'''

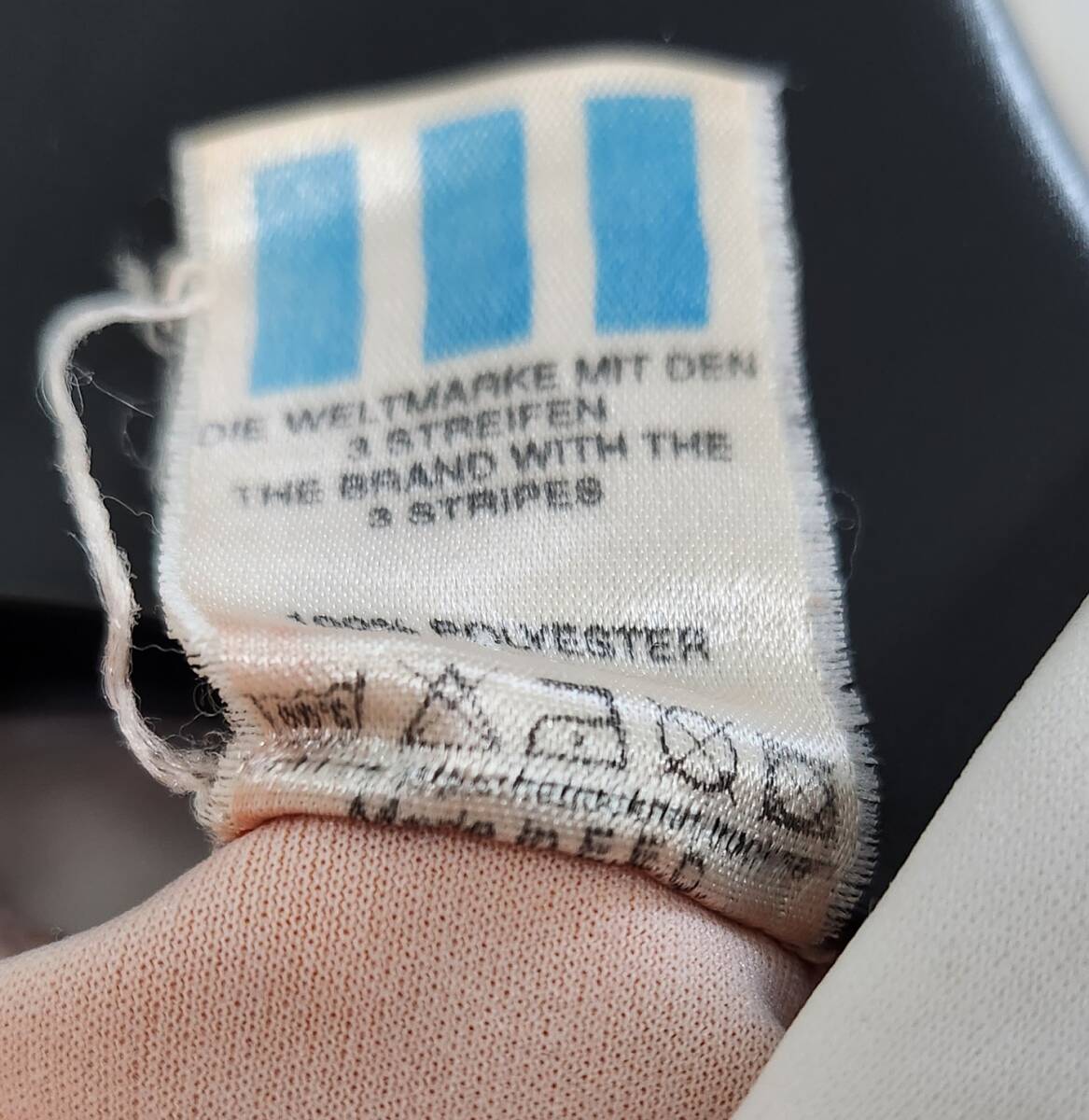 85-86 86-87 オランダ(H) 半袖 adidas正規 1986 WorldCup 86W杯予選仕様 M_画像9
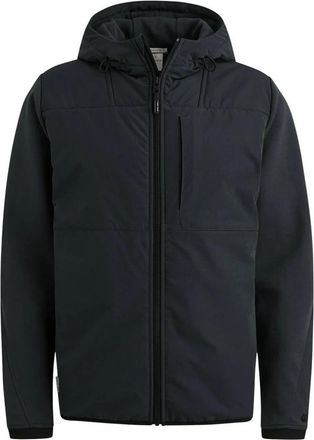 Cast Iron Heren, Jassen, Blauw, Maat: XL Nylon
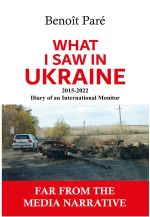 What I Saw in Ukraine: 2015-2022 - Diary of an International Monitor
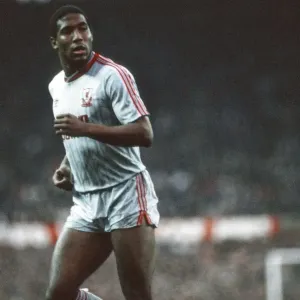 John Barnes playing for Liverpool, Manchester United 1-1 Liverpool John Barnes playing for Liverpool, Manchester United 1-1 Liverpool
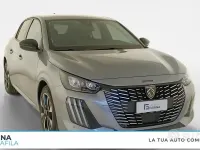 Usata Peugeot 208 Allure 101 CV (74 kW) 2025 Grigio artense Utilitaria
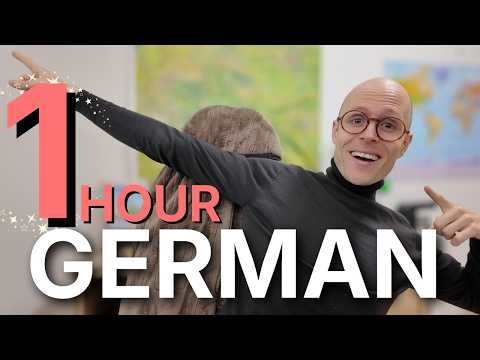 German Podcast: 1 Hour Listening 1.383 Words in One Hour | Get Streak 1.000.000🔥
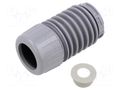 Accessories: adapter to be screwed; silver; IP66,IP69K; -30÷60°C WERMA WER-63073000
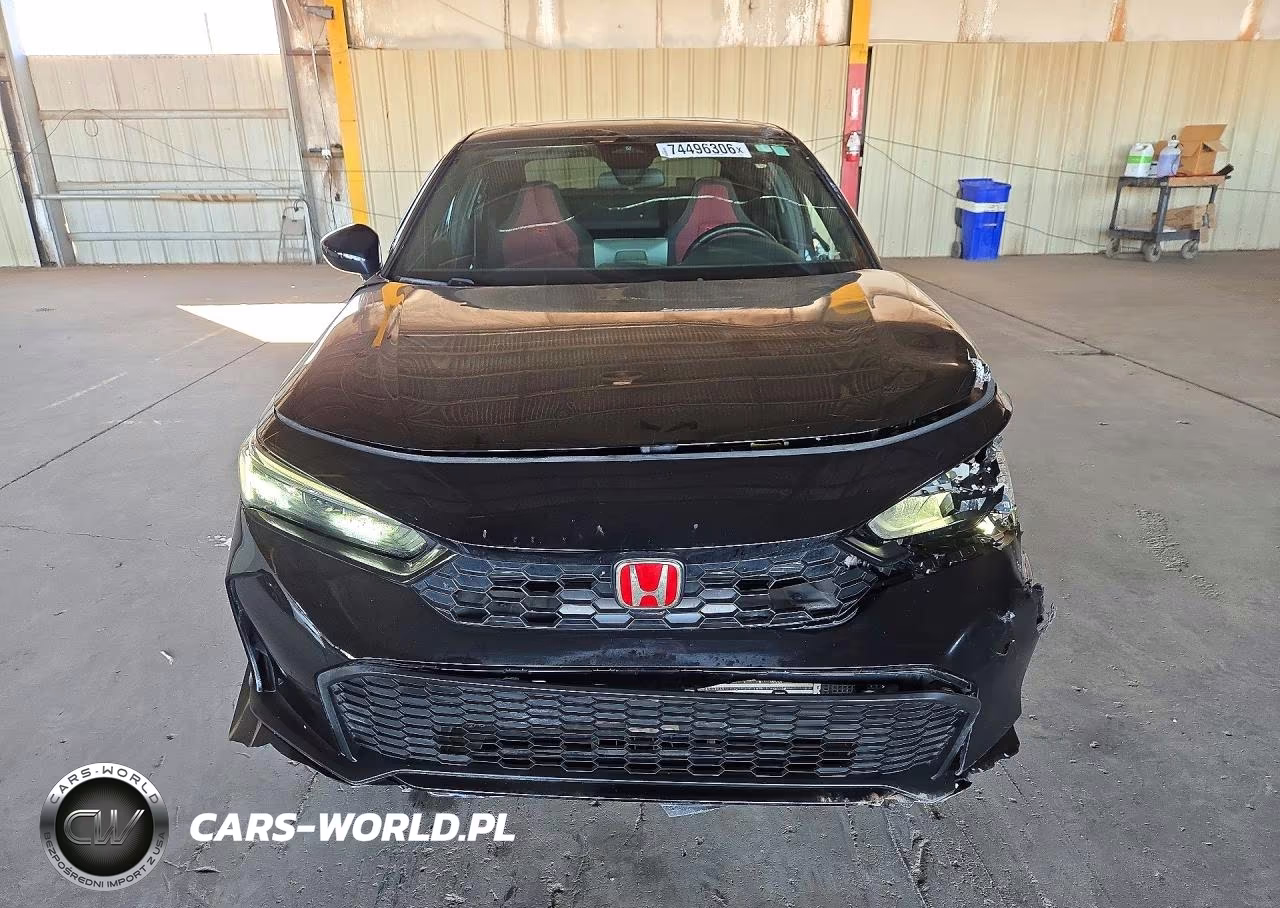 2025 Honda Civic Si VIN:2HGFE1E54SH474300 - 5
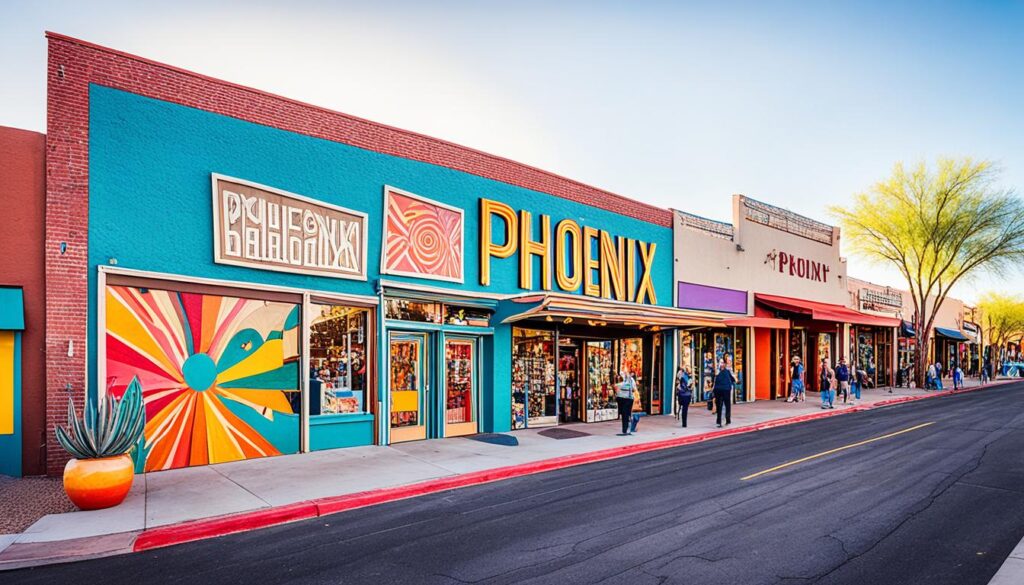 Art districts in Phoenix for unique souvenirs Art districts in Phoenix for unique souvenirs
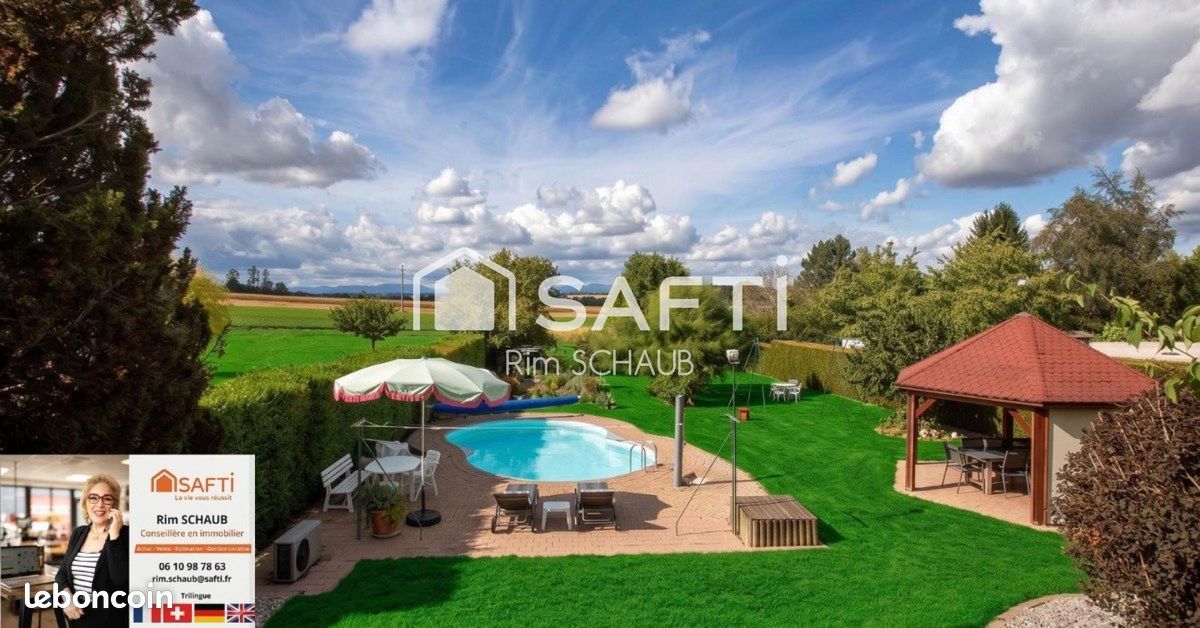 Maison 7 pièces 186 m² · à Zaessingue · 186 m² · 524 000 €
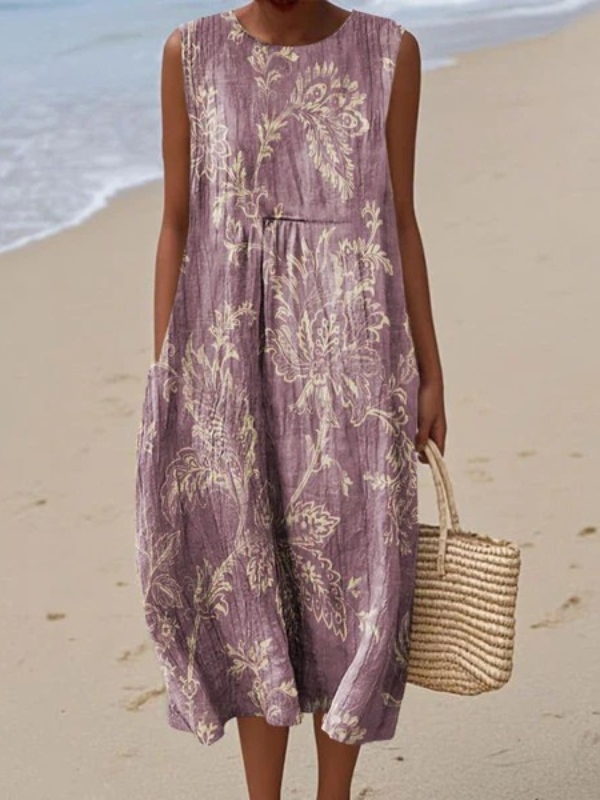 Mia™ Floral Midi Kleid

'''

Without the pictures, repeat every line of the material above exactly.

 85-86 86-87 オランダ(H) 半袖 adidas正規 1986 WorldCup 86W杯予選仕様 M_画像9
 Cast Iron Heren, Jassen, Blauw, Maat: XL Nylon
 What I Saw in Ukraine: 2015-2022 - Diary of an International Monitor
 John Barnes playing for Liverpool, Manchester United 1-1 Liverpool John Barnes playing for Liverpool, Manchester United 1-1 Liverpool
 Usata Peugeot 208 Allure 101 CV (74 kW) 2025 Grigio artense Utilitaria
 German Podcast: 1 Hour Listening 1.383 Words in One Hour | Get Streak 1.000.000🔥
 Accessories: adapter to be screwed; silver; IP66,IP69K; -30÷60°C WERMA WER-63073000
 2025 Honda Civic Si VIN:2HGFE1E54SH474300 - 5
 Art districts in Phoenix for unique souvenirs Art districts in Phoenix for unique souvenirs
 Maison 7 pièces 186 m² · à Zaessingue · 186 m² · 524 000 €
 Mia™ Floral Midi Kleid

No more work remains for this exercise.